Well I can quote a problem I recently did:
"It is known that in the solution of citric acid H3X, the maximum concentration of H2X- is at pH = 3.95; the maximum concentration of HX2- is at pH = 5.57; the concentrations of H2X- and HX2- are equal at pH = 4.76. Determine the acidity constants Ka1, Ka2, Ka3 of citric acid."

The method expected was to write (Ka1*Ka2)1/2=10-3.95, (Ka2*Ka3)1/2=10-5.57, Ka2 = 10-4.76. But surely neither of these two is justified, since we are dealing with a triprotic acid here? The results found were Ka1 = 1.24 * 10-4, Ka2 = 1.14 * 10-5, Ka3 = 4.17 * 10-7.

Yet the result is highly accurate. e.g. for Ka3 my exact calculation gave 4.2 * 10-7. So the question returns: given that this seems to be a decent approximation often, how do we explain it, and under what conditions will it tend to work?

I've done some investigating of this now. Any suggestions on what to interpret from this would be most welcome. What I've found is that (1) it can be algebraically shown and numerically checked that as the value of as the [H+] for maximal [H2X-] grows larger, our approximation for Ka3 grows more accurate; 2) the approximation consistently underestimates Ka3. The approximation is typically highly accurate.

Can we use this to make any generalizations about this approximation? It does indeed look to me like the larger the Ka1 value compared to Ka2 and Ka3, the more we can ignore it in the calculation and treat the acid as if only Ka2 and Ka3 existed, but also that the approximation will be decent unless Ka1 is exceedingly close.

epenguin said:
In other cases you do have a higher polynomial. I am not aware of any particular simplification - even though the polynomials always do contain one zero coefficient.

Can I ask whether you were taught this/found it somewhere, or worked it out yourself? If the former, I would love if you could suggest where I can find more tricky issues like this.

epenguin said:
So nothing very nice there on the face of it, unless you can quote us something.
Somewhat nice though, since you seem interested in these things, is that these maxima occur where a n-protic acid has bound overall 1, 2,... (n - 1) protons per acid molecule (moles/mole) - you might show this to yourself and us. It is not limited to proton binding of course but applies to any ligand that can multiply bind to another molecule.

It is indeed noticeable that when [H+]=(Ka(k)*Ka(k+1))1/2, the approximation discussed in this thread (the suggestion being that the maximum concentration of [Hn-kA] is reached at approximately this pH), as a result we always have [Hn-k-1A]=[Hn-k+1A] at such points - in fact this relies only on equilibrium constant expressions. But I don't see that this can be extended to tell us anything about any forms of the acid except [Hn-k-1A], [Hn-k+1A] and thus about the acid overall?
 
  • #4
Big-Daddy said:
The method expected was to write (Ka1*Ka2)1/2=10-3.95, (Ka2*Ka3)1/2=10-5.57, Ka2 = 10-4.76. But surely neither of these two is justified, since we are dealing with a triprotic acid here? The results found were Ka1 = 1.24 * 10-4, Ka2 = 1.14 * 10-5, Ka3 = 4.17 * 10-7.

Yet the result is highly accurate. e.g. for Ka3 my exact calculation gave 4.2 * 10-7. So the question returns: given that this seems to be a decent approximation often, how do we explain it, and under what conditions will it tend to work?

I've done some investigating of this now. Any suggestions on what to interpret from this would be most welcome. What I've found is that (1) it can be algebraically shown and numerically checked that as the value of as the [H+] for maximal [H2X-] grows larger, our approximation for Ka3 grows more accurate; 2) the approximation consistently underestimates Ka3. The approximation is typically highly accurate.

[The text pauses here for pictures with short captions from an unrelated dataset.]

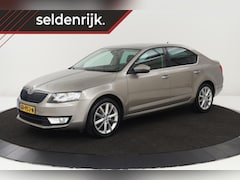 Skoda Octavia - 1.2 TSI Ambition | 2e eigenaar | Dealer onderhouden | Stoelverwarming | Trekhaak | Navigat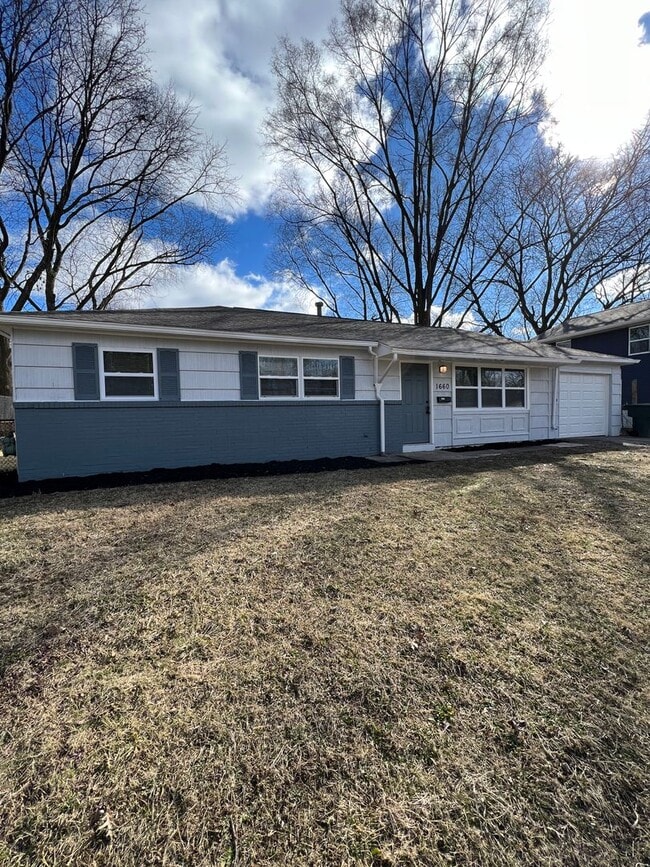 Photo - 3 Bedroom Beautifully updated Ranch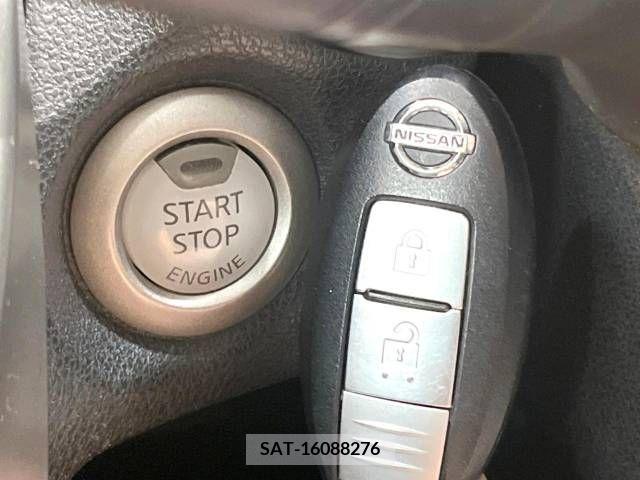 Nissan NOTE 2014-03 365455-4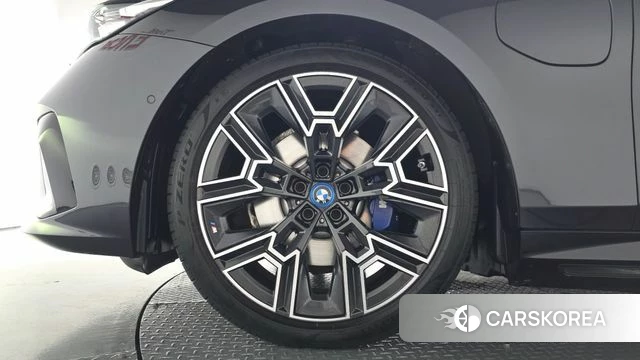 BMW 5 Series (G60) id 4847373 из Кореи 31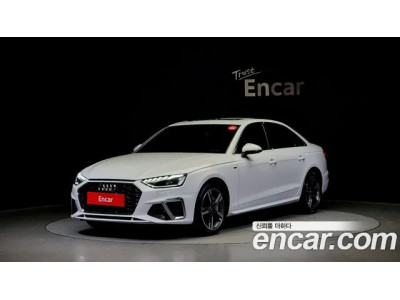 Audi A4 2022 г.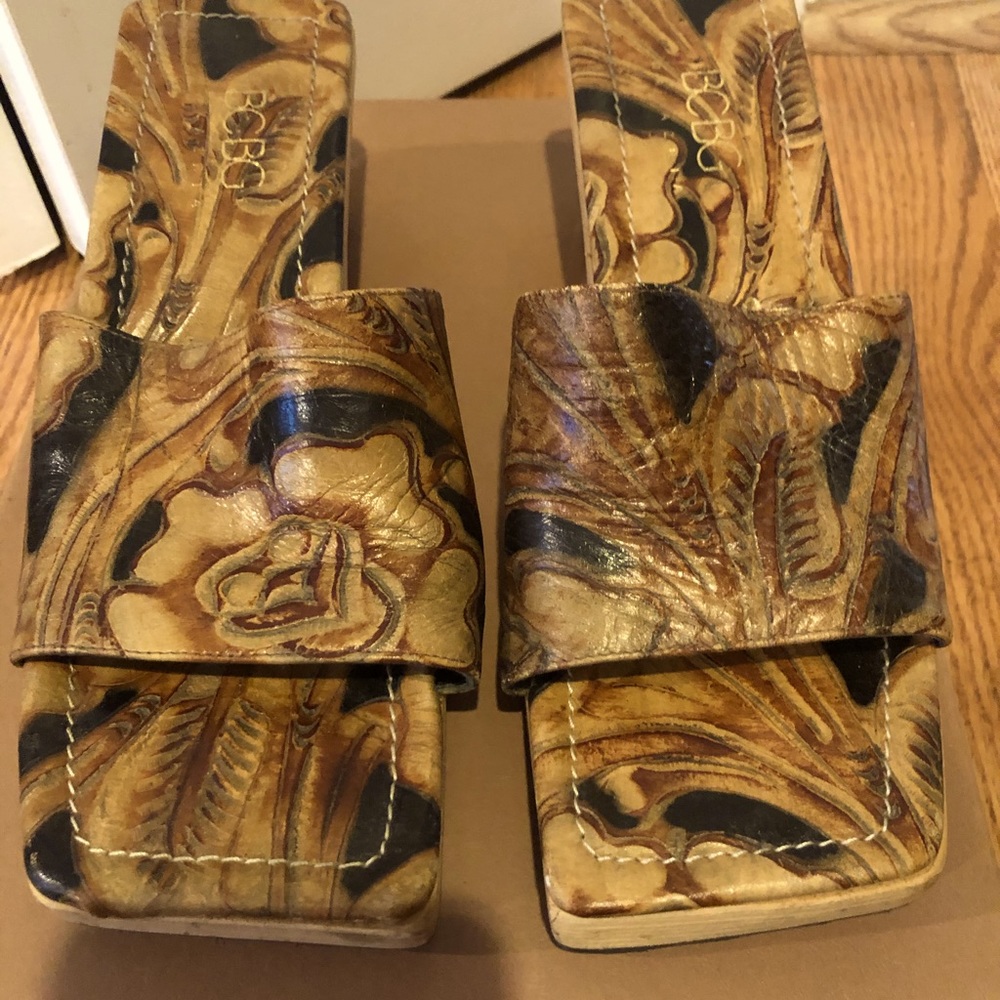 BCBG Max Azria Slide Sandals size 8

OK, they almost give you Ka2 but please check as I get not far but significantly different from you , 1.74*10-5 .

I don't know how you did your 'exact calculation' for Ka3 so please give it.

Now I see what you meant by your original question. I gather from your 'the method expected' you have been told somewhere that this is the method. You'd have to show the calculations you made in its justification if you want any comment on them.

Please in future give all values as both Ka and pKa otherwise a reader is having to do calculations just to try and follow what you are saying. You give two widely different values for Ka2. You give a Ka1 which seems to correspond to a pH close to your maximum so I don't see how you can possibly have been using means. If you do not set out calculations then any errors, yours or mine, make what you did incomprehensible.

Qualitatively in e.g. your first maximum you are more than 2 pH units away from pKa3. Then the 3- form should be less than 1% of all, so looks safe to ignore and the formulation they gave you right to a decent approximation.

Big-Daddy said:
Can I ask whether you were taught this/found it somewhere, or worked it out yourself? If the former, I would love if you could suggest where I can find more tricky issues like this.

I had known about that little theorem but never had any use for it before now. You could I think use it in your exact calculations. I looked it up and the way it is presented in my book it is easier and you are far better off to derive it yourself! Which I did. Not difficult - try it for diprotic then triprotic acids.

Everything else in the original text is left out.